見慣れた制服。自身がこれから通うことになる学園の女生徒のそれを見ながら、彼は納得した。
「大したことのない怪我だ。まあいい、遅刻をしないようにな。誰であれ、遅刻は大罪だ」
――『私立モン・ステア学園』には模範生であり問題児でもある生徒会長が居る。そんな話を、そこに通っている友人から聞いていたのを思い出す。
つまりは彼女だ。
異国……もとい、異界からの留学生――『ユーリア・フラン=フーリッシュ』その人である。
「転入早々ケンカ? 困るなぁそういうの」
側頭部にうねるツノを持つ女性教諭は、コンタクトを外して眼鏡に変えながらそう言った。

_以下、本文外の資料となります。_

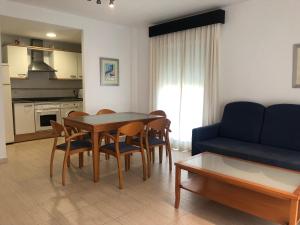 uma sala de estar com uma mesa e cadeiras e um sofá em La Riviera - Serviden em Denia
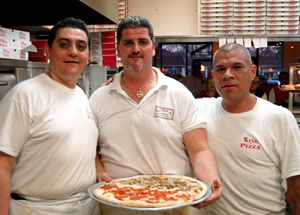 Mario Scaturro and King of Pizza employees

自席に座りながら資料を整理しつつ、青年を蔑ろにすることなく器用に受け応えていく。
比較的広い職員室は、その半分ほどを彼女のような『異人種』が占めている。もっとも、それがこの学園たる所以なのだが……というのは、パンフレットの受け売りだ。
「いや、違いますよ」
「何が違うのかしら」
ワイシャツが小さいのか、果たしてその内側のたわやかな双丘の自己主張が甚だしいのか。ともあれ彼女は随分と男性に媚びるような凄まじい抜群なスタイルを持っていて、だがやや太り気味の下半身を隠すような長いスカートは、彼女の特徴を捉えるように白地に黒の水玉模様。
つまりは乳牛だ。
「なんか、人馬の人のおもいっきり蹴っ飛ばされて、携帯まで壊されました」
客観的に見れば賊に襲われたかのような惨劇だ。
これが、同じ学校の生徒の仕業であるならより悲惨である。
屈強な、番長とも呼ぶべき男のシルエットが自然に思い浮かぶのは当然だが、この犯人が下半身が馬で上半身が秀麗な美少女だと誰が思うだろうか。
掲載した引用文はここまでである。